DATA SECTION:
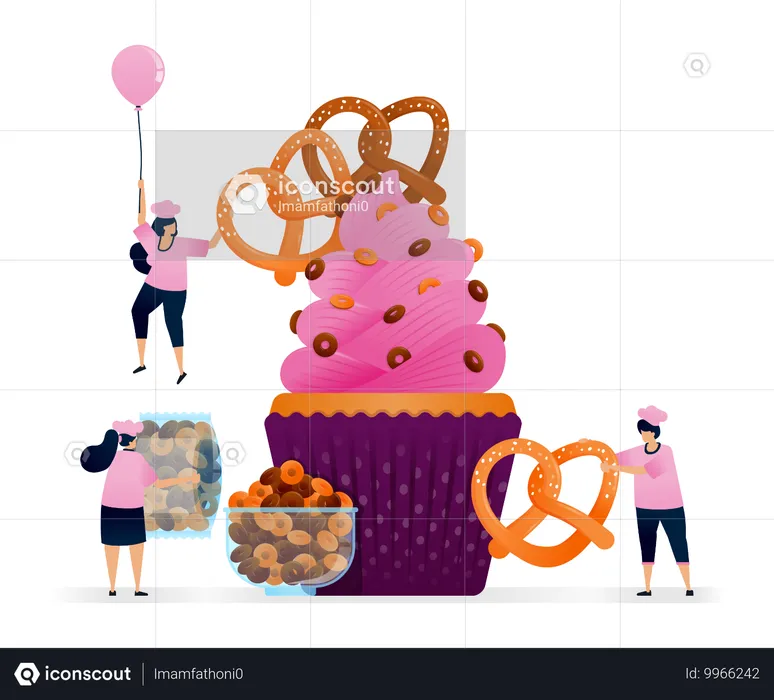 Chef making muffin with topping of savoury salted pretzel and sprinkle of chocolate breakfast cereal. Illustrations can be used for cookbook covers, banners, flyer, ads  Illustration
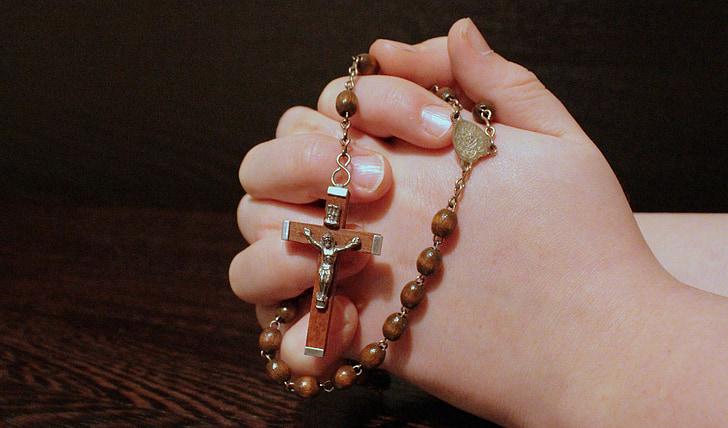 Rosary, tro, be, foldede hender, bønn, kors, kristendom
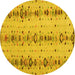 Round Abstract Yellow Modern Rug, abs4711yw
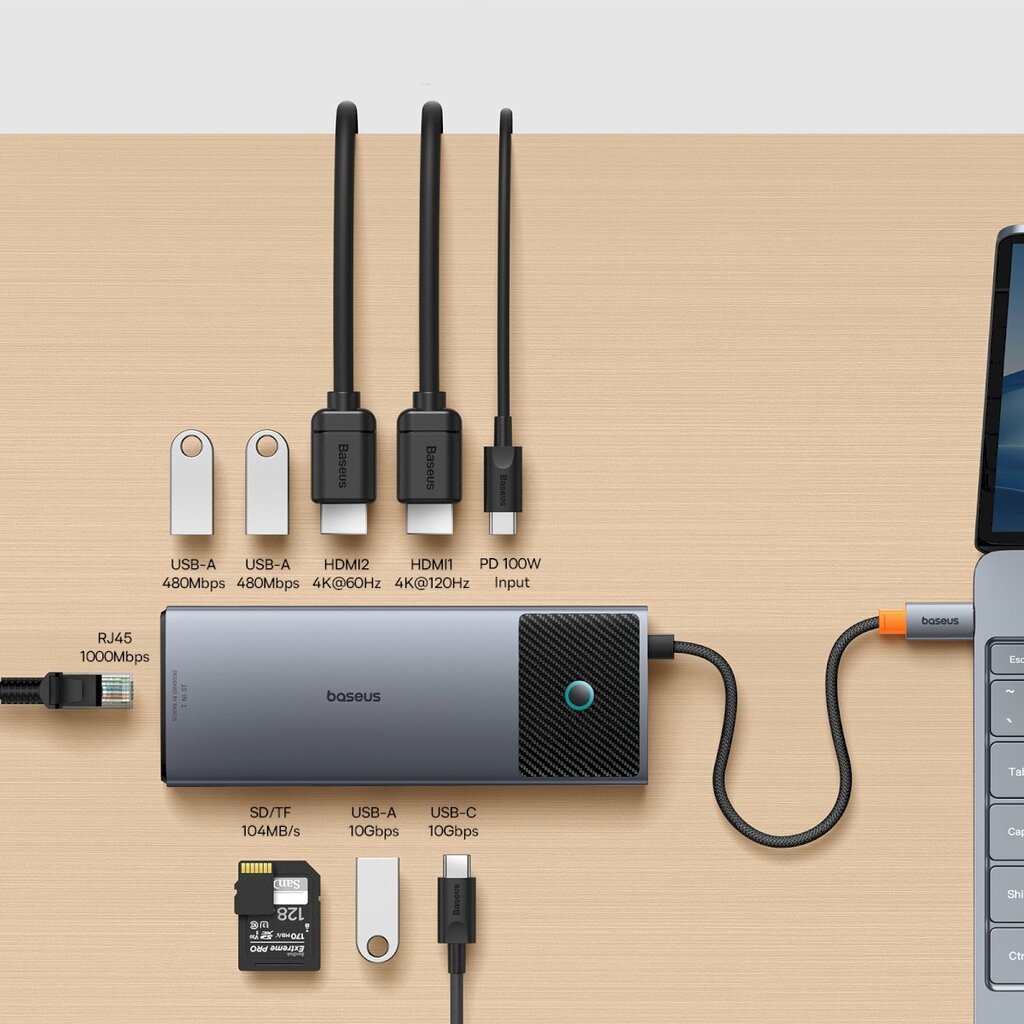 HUB adapter, 10in1, Baseus B00061800813-011, USB-C HDMI / USB-A / USB-C / RJ45 / SD / TF / USB-C PD, hall цена и информация | USB jagajad, adapterid | kaup24.ee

YOUR TASK:
Reproduce word for word the lines running from the line with "Round Abstract Yellow Modern Rug, abs4711yw" through the end of the data, both included, and nothing else; leave out the pictures.

EXPECTED OUTPUT:
 Round Abstract Yellow Modern Rug, abs4711yw
 HUB adapter, 10in1, Baseus B00061800813-011, USB-C HDMI / USB-A / USB-C / RJ45 / SD / TF / USB-C PD, hall цена и информация | USB jagajad, adapterid | kaup24.ee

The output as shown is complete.